Google's Postings Format
By searchguy on Mar 11, 2009
It's a pretty interesting look at how Google has grown over the years. Of particular interest to me as a search guy is the description of some of their index formats. On slide 47 there's a pretty detailed description of the postings lists format that they were using before they went to an all-in-memory index. They were using variable length encodings (like Gamma and Huffman encoding) for some of the data, in order to get the most compact on-disk representation that could still be decoded quickly.
This was what the initial versions of the Minion engine did as well.
On slide 54, he starts to talk about the formats that they considered when they went to an all-in-memory index. Given that they could hold the whole thing in memory, they needed to use a format that could be decoded as quickly as possible, which led them to use byte-aligned variable length encodings.

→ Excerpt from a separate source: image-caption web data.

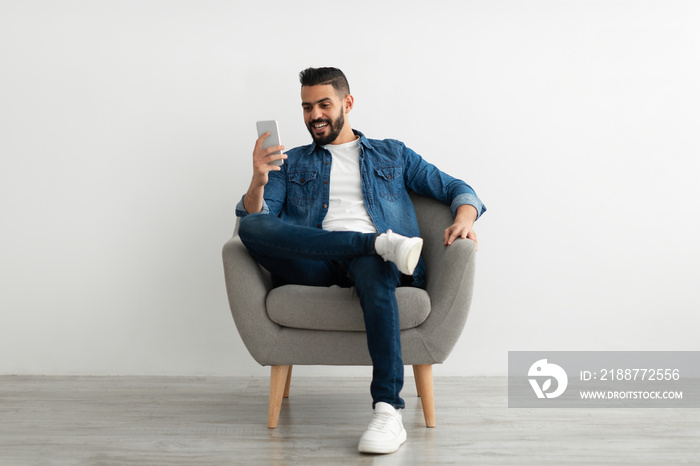 Happy millennial Arab man sitting in armchair with smartphone, texting to friend, sending sms, browsing web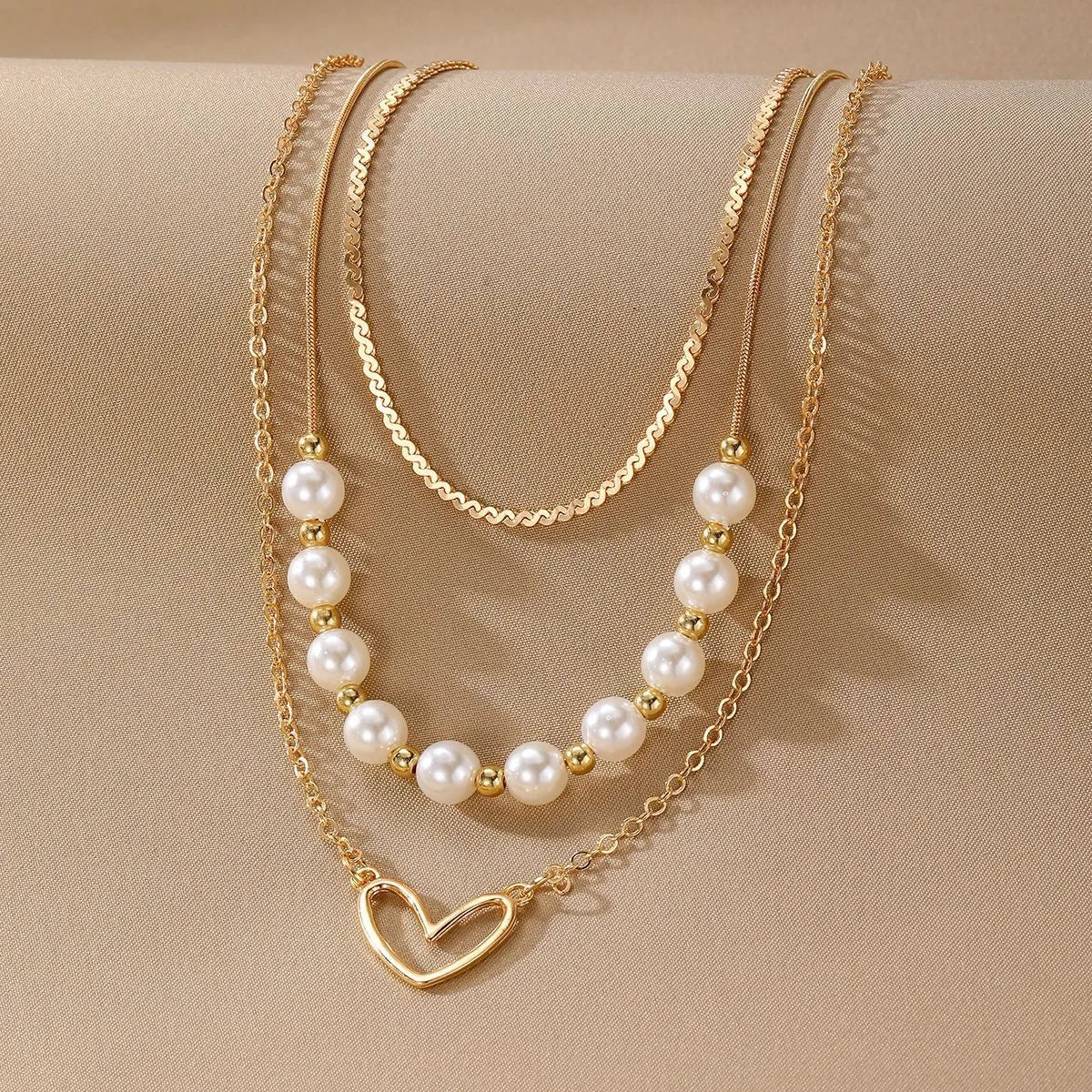 Vintage gold heart pendant necklace with pearl chain detailing showing adjustable length feature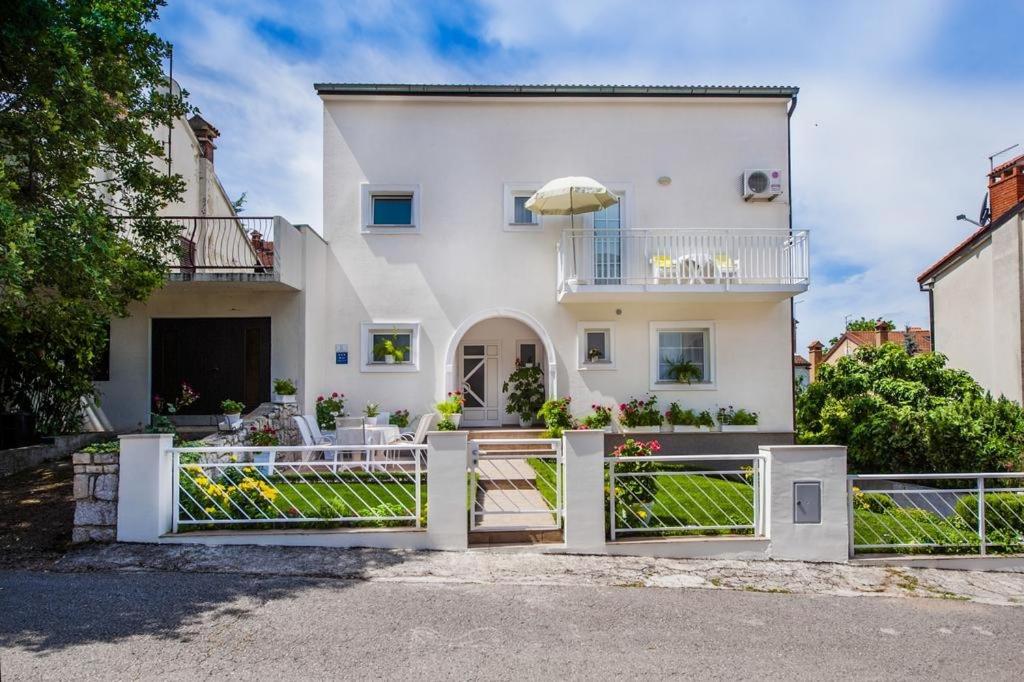Biały dom z białym płotem przed nim w obiekcie Apartment in Rovinj with balcony, air conditioning, Wi-Fi (230-1) w Rovinj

They started with what they call a Varint encoding, which is the same encoding that Minion and Lucene use. The following slides detail a number of variations of this encoding scheme, culminating in slide 63, where they describe encoding groups of four numbers together and pulling out two-bit prefixes into a leading byte, in order to reduce the amount of masking and shifting necessary to decode an integer.
He says the Varint encoding could be decoded at the rate of 180M integers per second, while their "group varint" approach could decode at the rate of 400M integers per second. He points out that this means that you can only encode 30 bits per integer, but that's not much of a restriction for typical postings data (document ID deltas and positions).
I think I might have to give this one a try myself, in my copious free time.